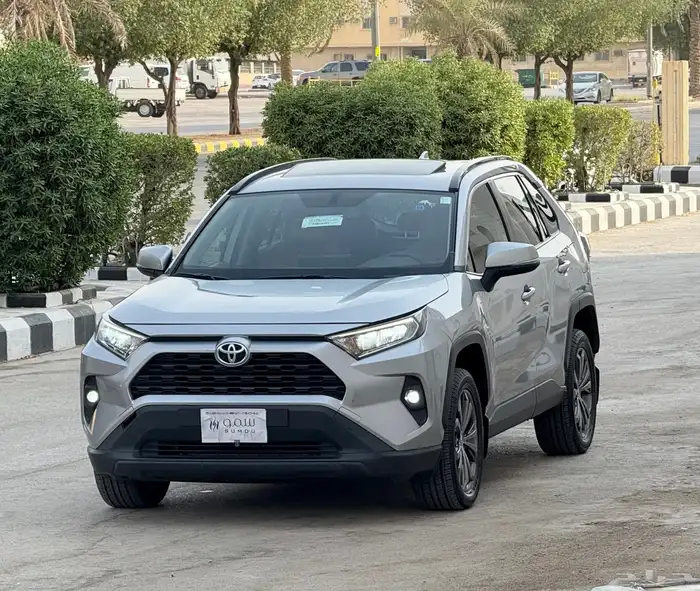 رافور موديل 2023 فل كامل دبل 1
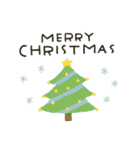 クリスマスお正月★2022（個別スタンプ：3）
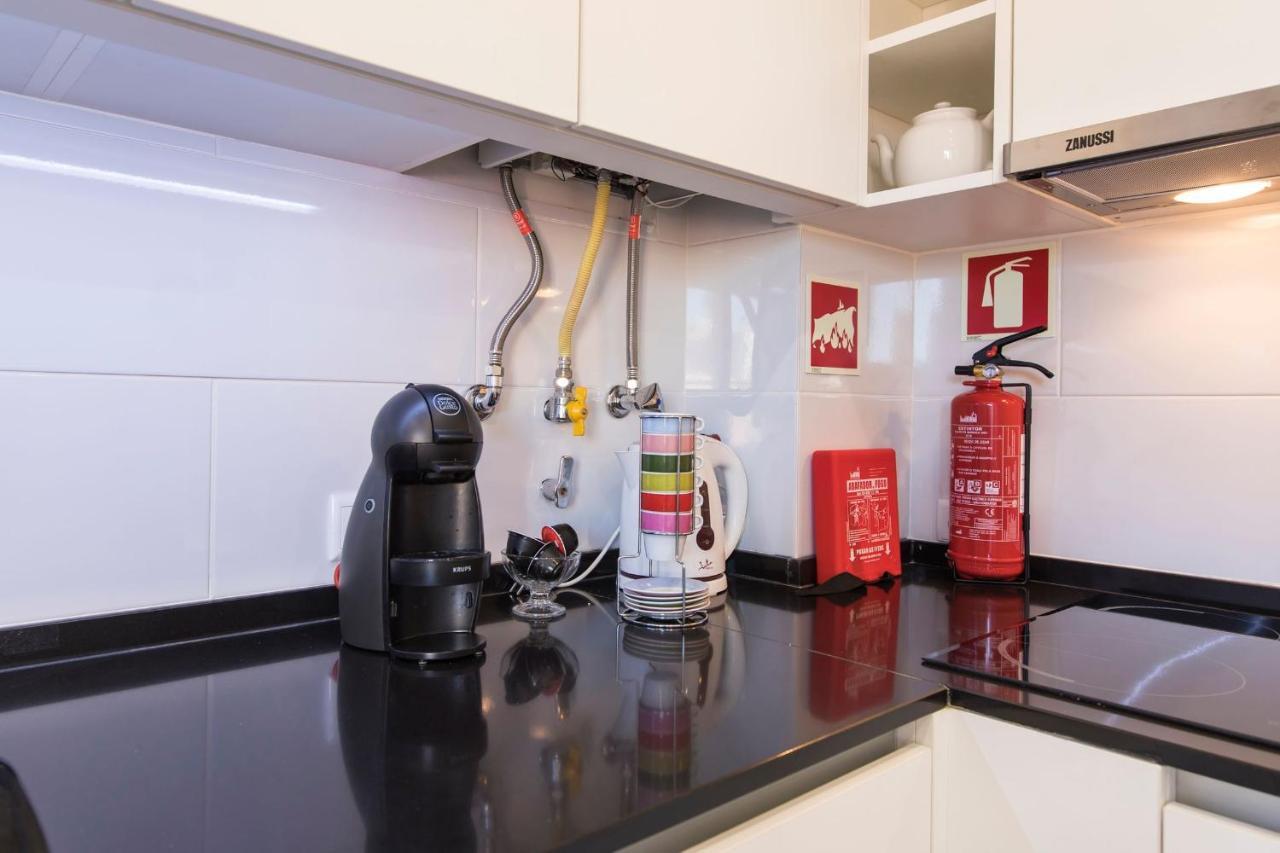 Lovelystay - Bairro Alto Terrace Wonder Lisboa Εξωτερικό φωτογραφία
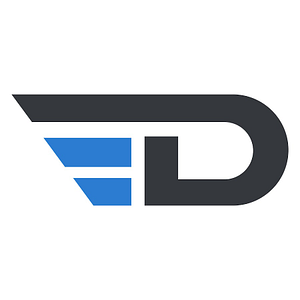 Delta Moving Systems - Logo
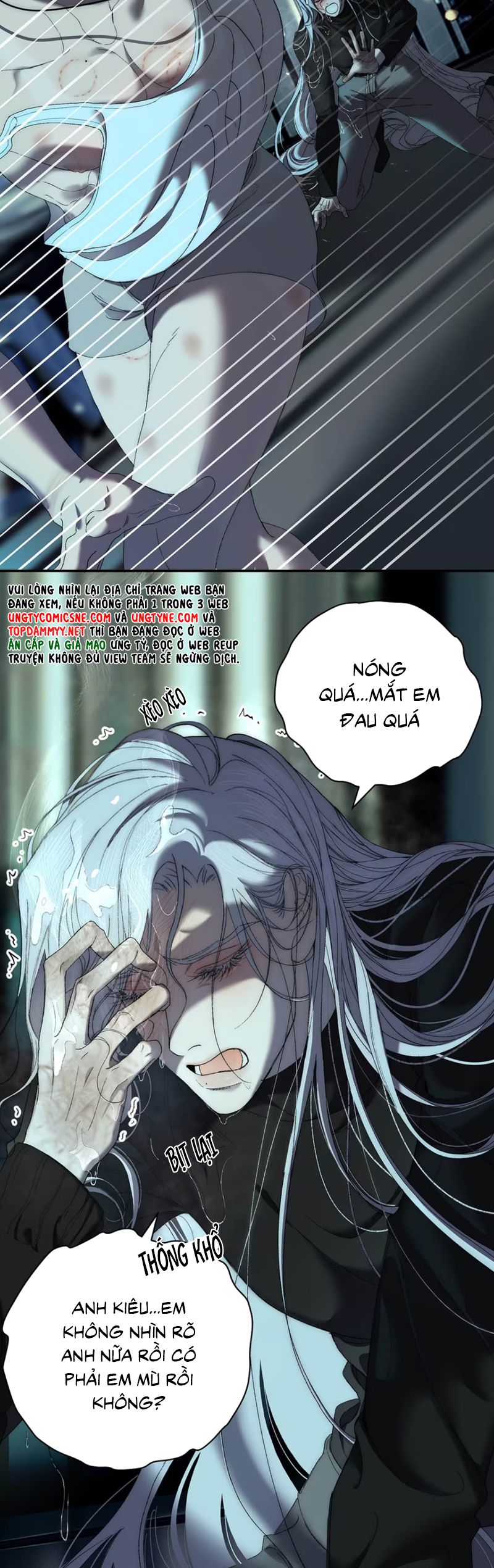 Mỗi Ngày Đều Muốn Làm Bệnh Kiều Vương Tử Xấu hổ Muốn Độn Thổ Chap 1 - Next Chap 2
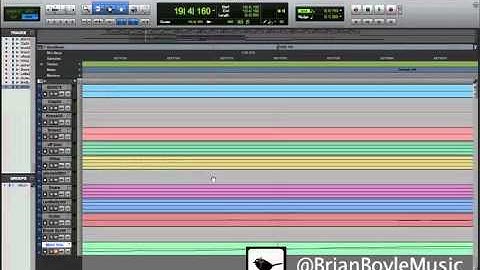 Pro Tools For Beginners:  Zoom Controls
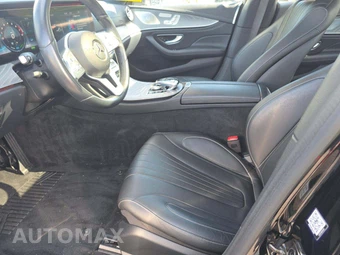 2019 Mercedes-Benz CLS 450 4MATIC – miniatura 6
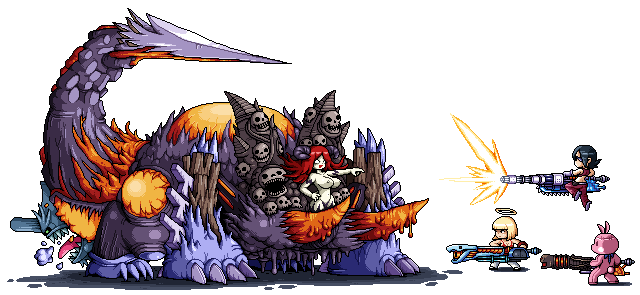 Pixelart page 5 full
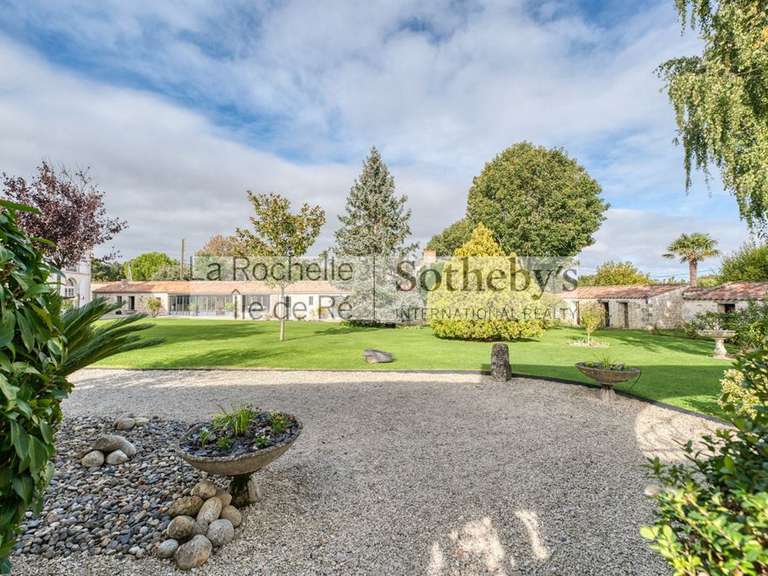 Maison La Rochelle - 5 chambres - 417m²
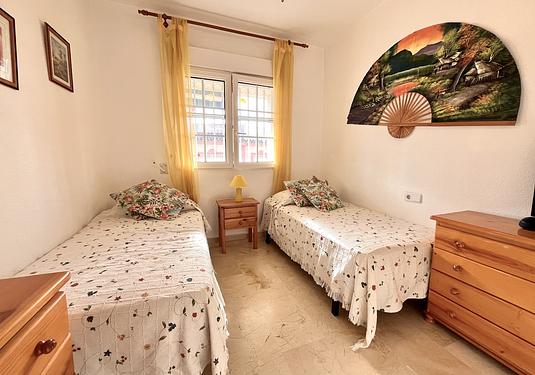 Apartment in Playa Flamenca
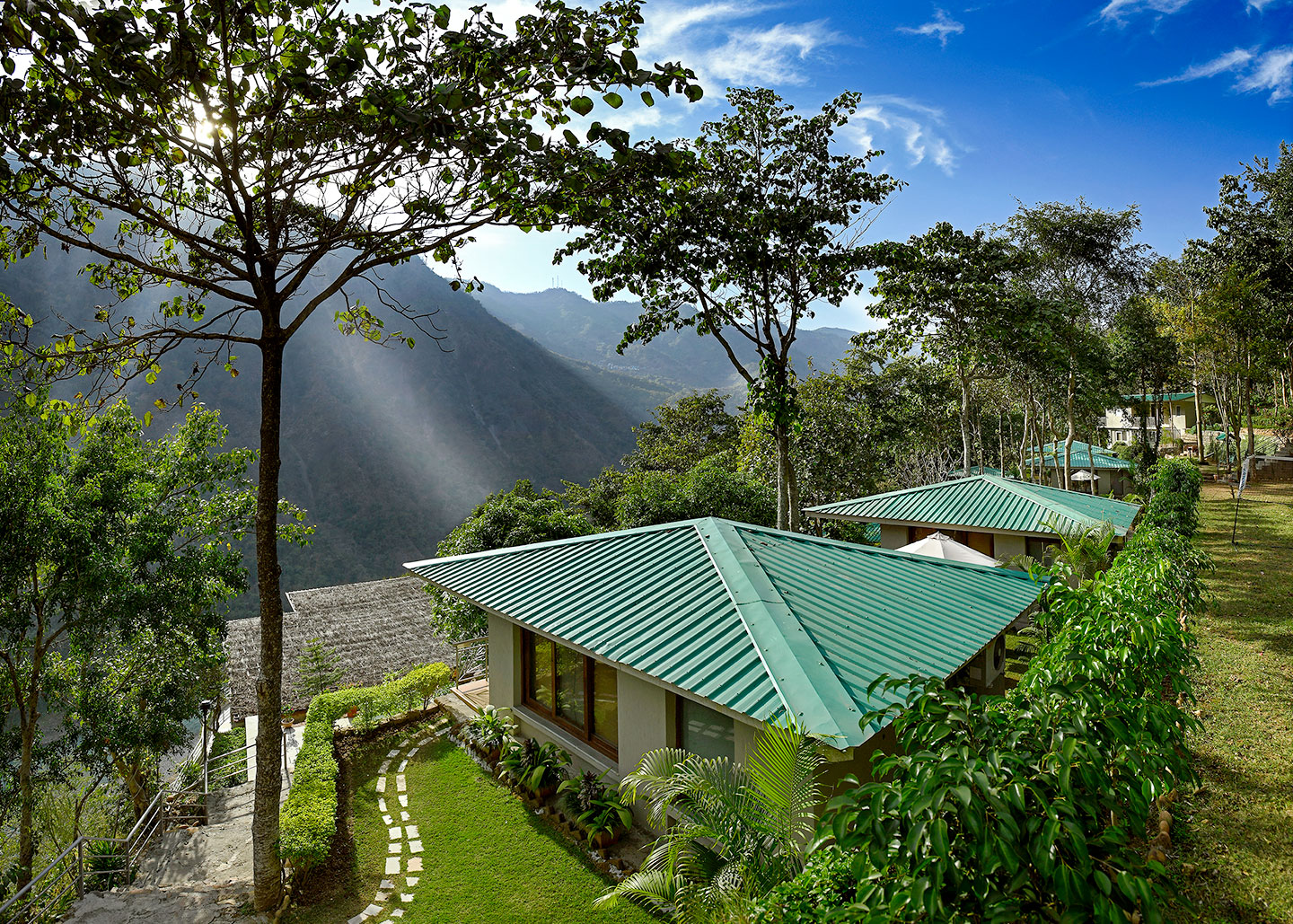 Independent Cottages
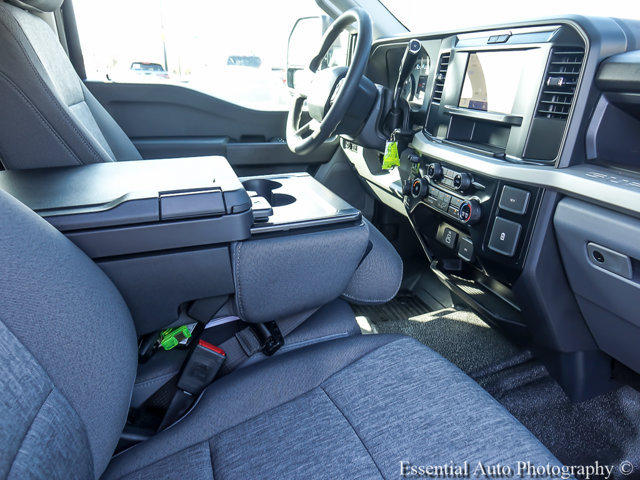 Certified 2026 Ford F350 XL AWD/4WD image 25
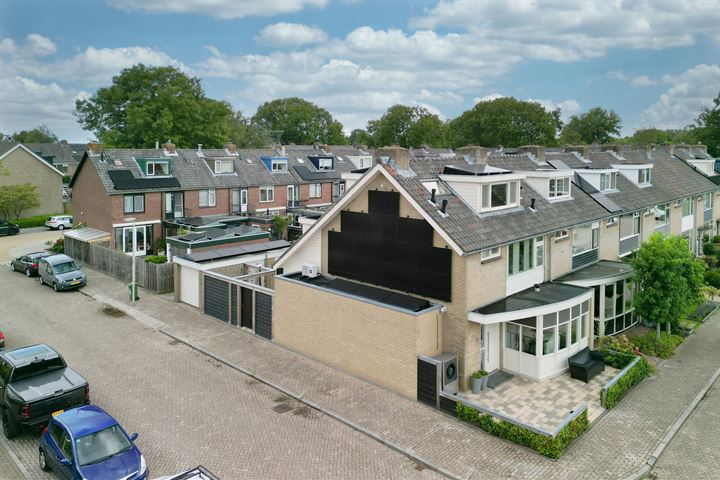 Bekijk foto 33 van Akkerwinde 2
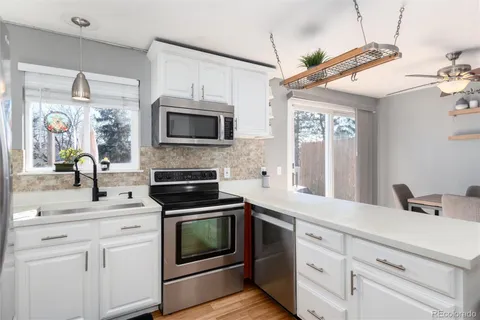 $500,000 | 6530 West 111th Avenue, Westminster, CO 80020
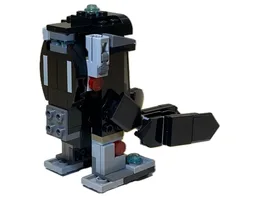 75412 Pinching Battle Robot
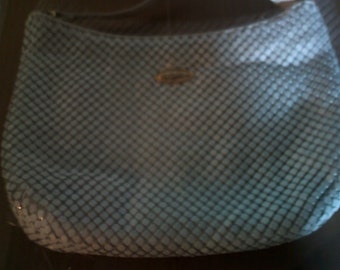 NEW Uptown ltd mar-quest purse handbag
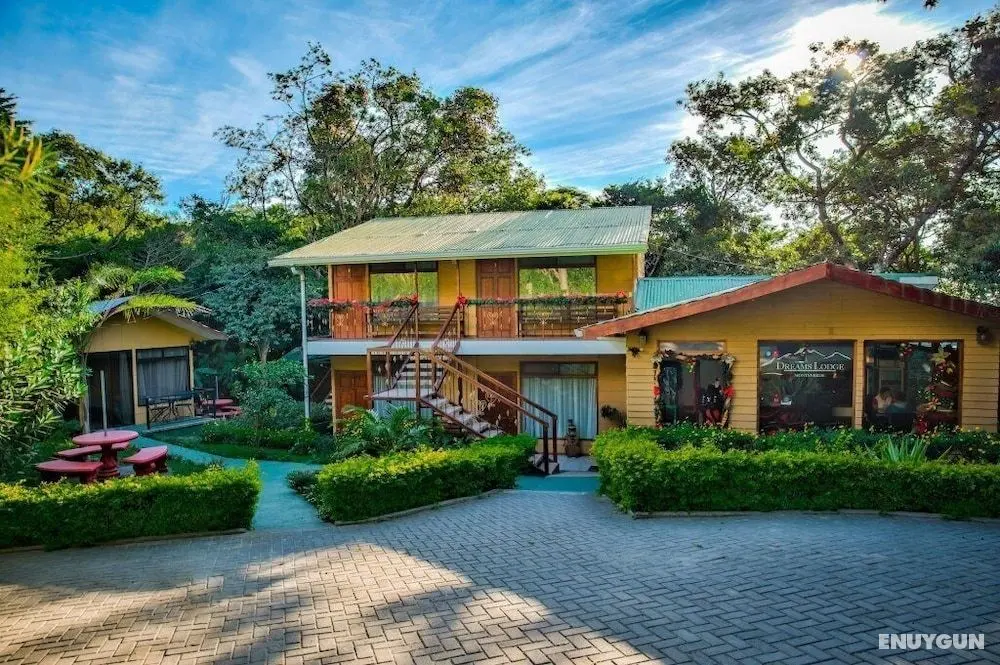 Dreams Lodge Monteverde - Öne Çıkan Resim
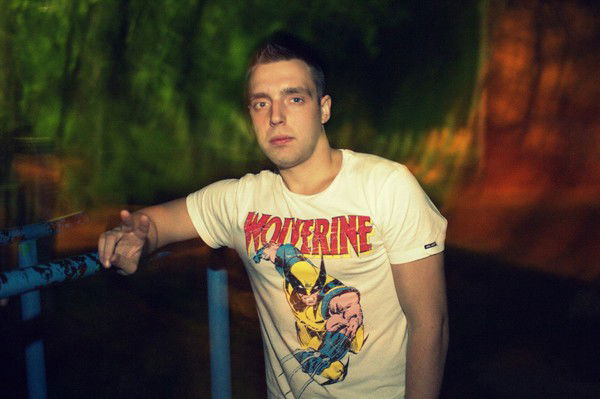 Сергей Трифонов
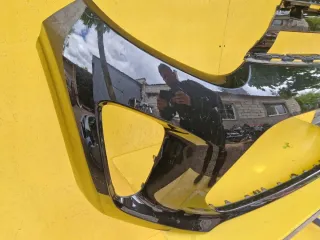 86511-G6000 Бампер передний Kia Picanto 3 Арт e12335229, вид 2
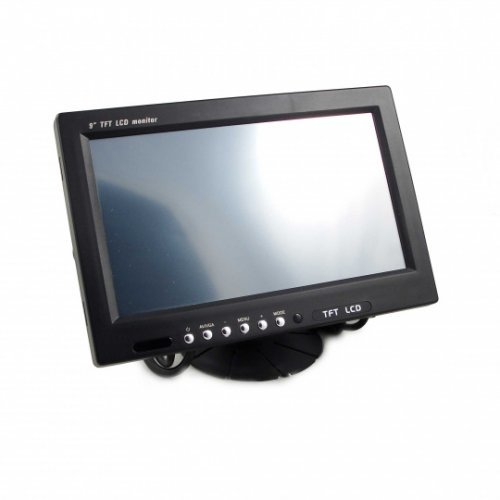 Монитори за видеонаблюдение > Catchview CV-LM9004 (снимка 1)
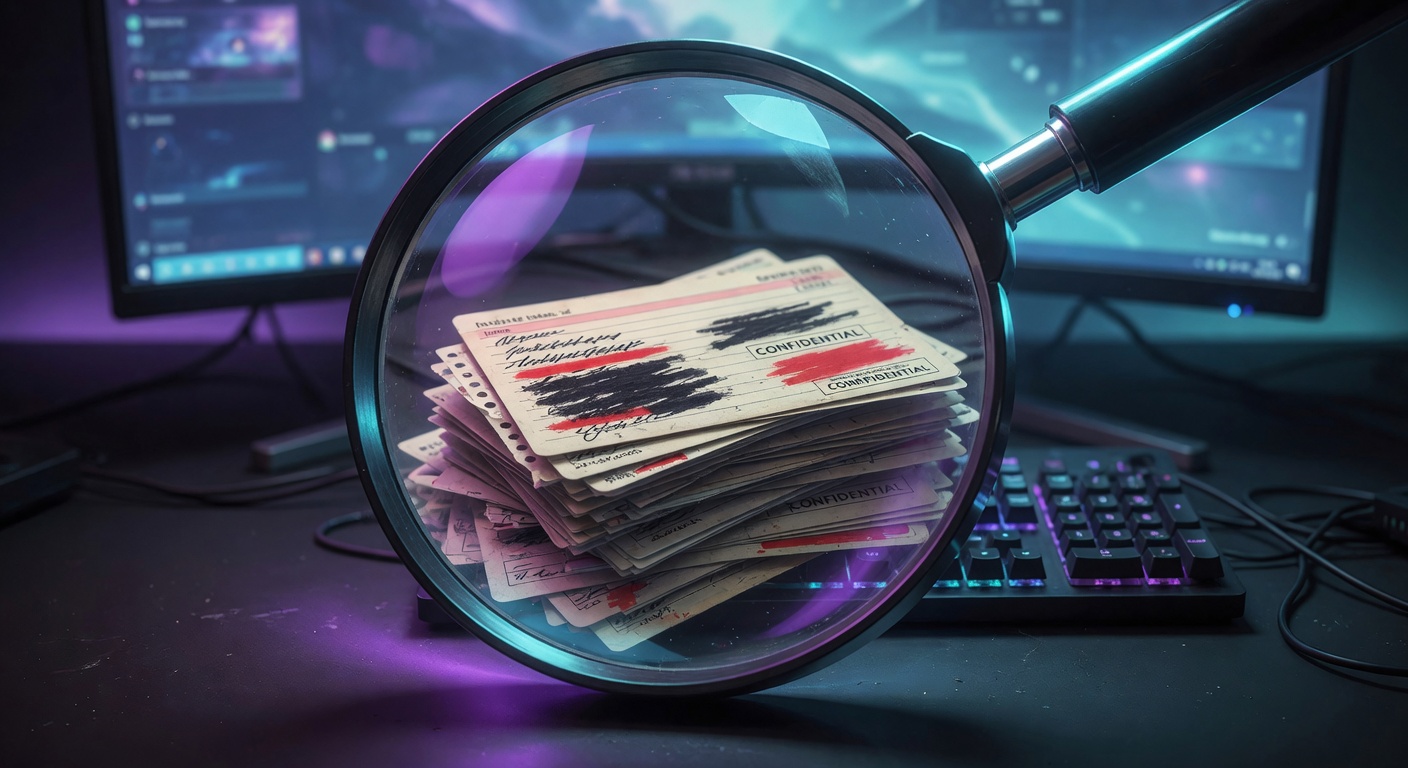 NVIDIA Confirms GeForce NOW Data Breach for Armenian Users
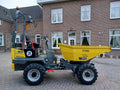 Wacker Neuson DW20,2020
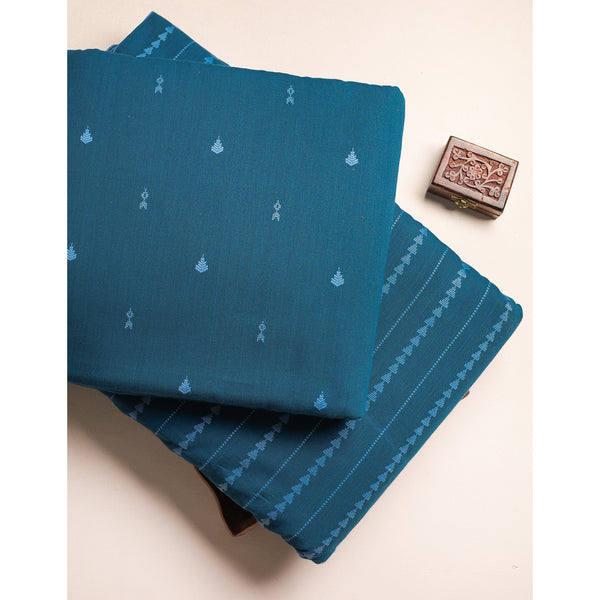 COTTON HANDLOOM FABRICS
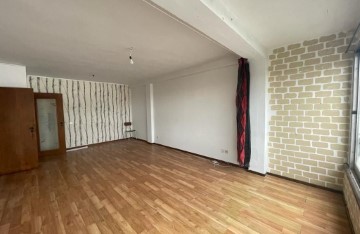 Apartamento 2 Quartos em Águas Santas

--

All that should be printed is the lines from the one containing "86511-G6000 Бампер передний" through the last line of the material above, both ends included, exactly as they stand; please skip the pictures.

 86511-G6000 Бампер передний Kia Picanto 3 Арт e12335229, вид 2
 Монитори за видеонаблюдение > Catchview CV-LM9004 (снимка 1)
 NVIDIA Confirms GeForce NOW Data Breach for Armenian Users
 Wacker Neuson DW20,2020
 COTTON HANDLOOM FABRICS
 Apartamento 2 Quartos em Águas Santas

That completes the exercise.